Le caractère « politiquement incorrect » de Michel Houellebecq vous a-t-il encouragé à créer ce spectacle?


Mon désir n’est pas parti de là. Cependant, de façon indéniable, le fait de constater que personne en France ne mettait Michel Houellebecq en scène m’a encouragé. Ses oeuvres sont régulièrement adaptées en Allemagne, notamment par Frank Castorf et Falk Richter. Mais ces deux grands metteurs en scène n’ont pas été imités en France, ni même programmés dans l’Hexagone. Ce dédain est une énigme. Sans doute le théâtre français recherche-t-il quelque chose de vital, de positif. Michel Houellebecq apparaît peut-être, à cet égard, trop résigné et trop cynique. Il y a aussi un problème de fond : il me semble que les metteurs en scène français s’intéressent très peu à la littérature contemporaine et restent très centrés sur le texte de théâtre.

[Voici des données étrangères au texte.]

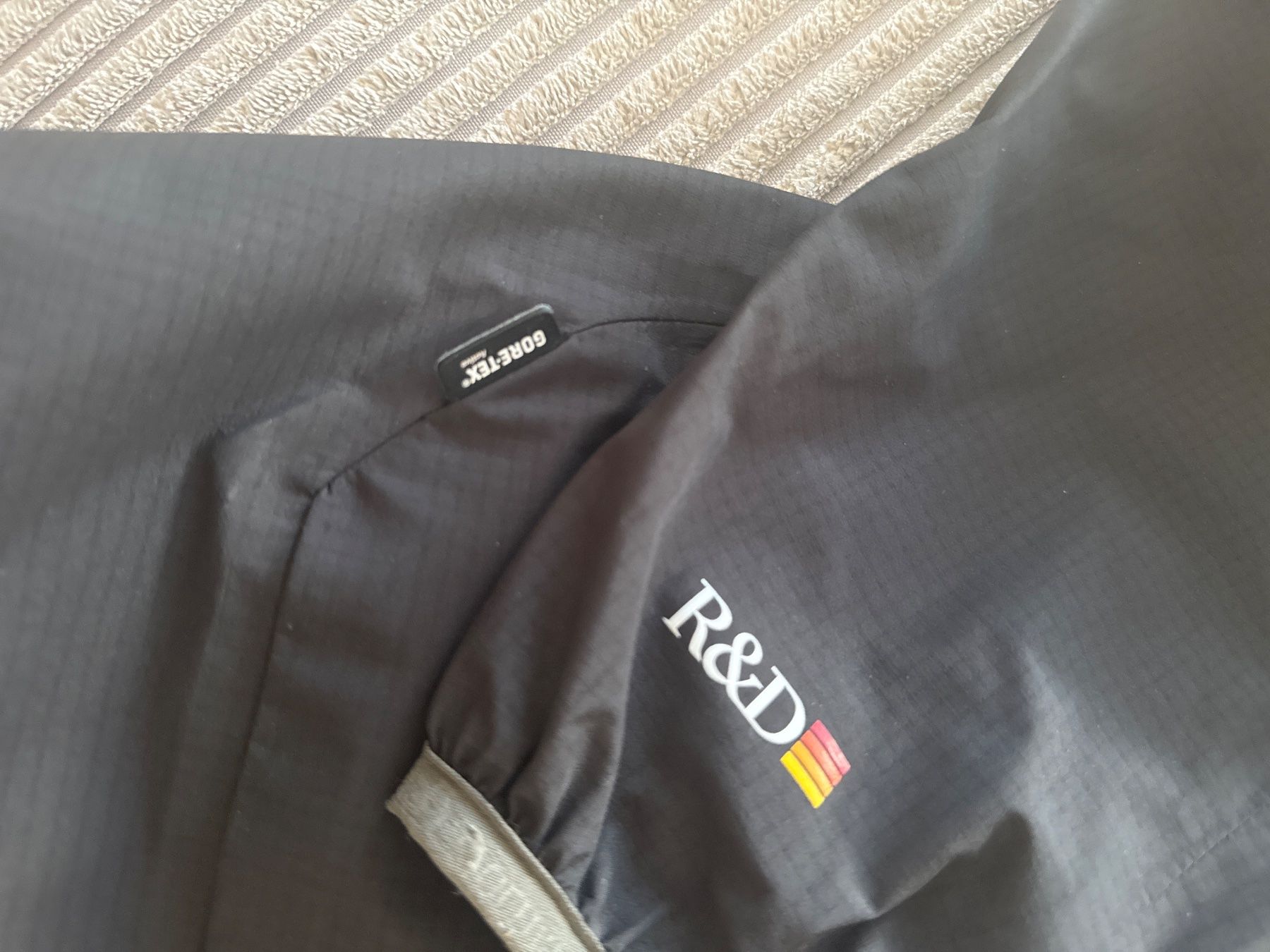 Peak Performance Giacche: Peak Performance Jacke – Usato da Au ZH venduto da flo_b2cl 4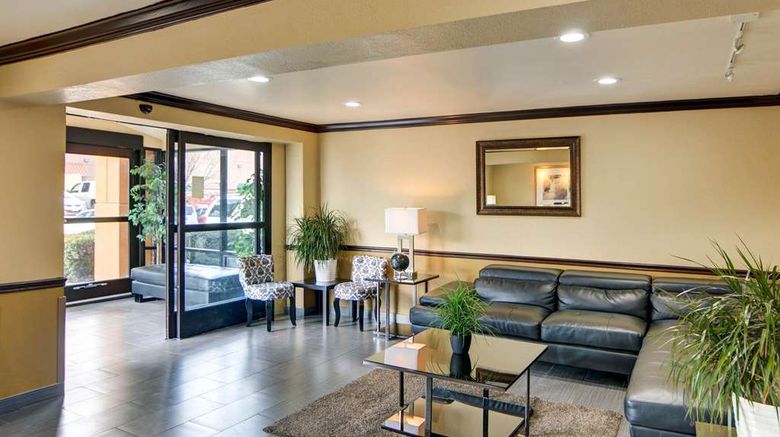 <b>Quality Inn & Suites DFW Dallas Airport Lobby</b>. Images powered by <a href="https://iceportal.shijigroup.com/" title="IcePortal" target="_blank">IcePortal</a>.
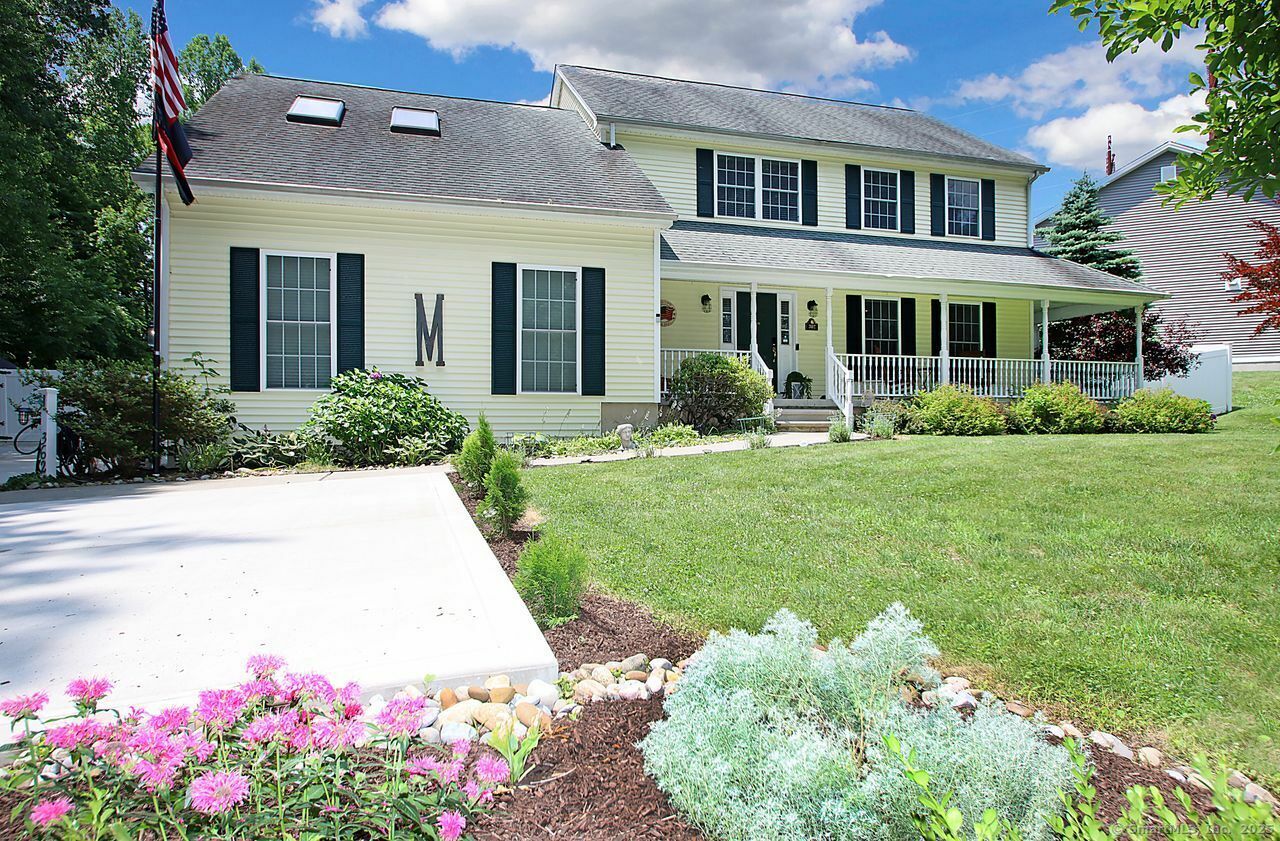 Property Photo: 362 Main Street CT 06451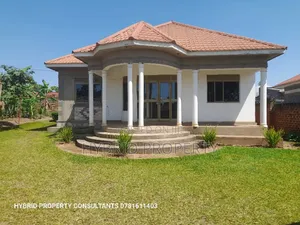 4bdrm House in Wakiso~Namusera Town for sale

Le théâtre français vous semble trop peu ancré dans l’époque contemporaine?


Le théâtre doit parler du monde, c’est une évidence. Comme Stanislas Nordey, je m’interroge sur les moyens de parler au théâtre du monde d’aujourd’hui. L’idée de la métaphore pour évoquer la société actuelle ne me paraît, personnellement, pas satisfaisante. Si on veut parler du monde d’aujourd’hui, pourquoi monter Marie Stuart de Schiller? Cela me paraît absurde. Selon moi, il vaut mieux monter Falk Richter. C’est la raison pour laquelle je regrette le peu de place accordée par le théâtre français à la littérature contemporaine. Le roman, la musique, les arts plastiques sont des arts connectés au monde d’aujourd’hui. Le théâtre, lui, est constamment connecté à l’Histoire, au patrimoine dramatique. Parler du monde d’aujourd’hui, pour moi, c’est très concret. On passe nos vies sur internet, à recevoir de l’information continue, à être en permanence branché : pourquoi faudrait-il fermer tous ces canaux lorsque l’on fait du théâtre?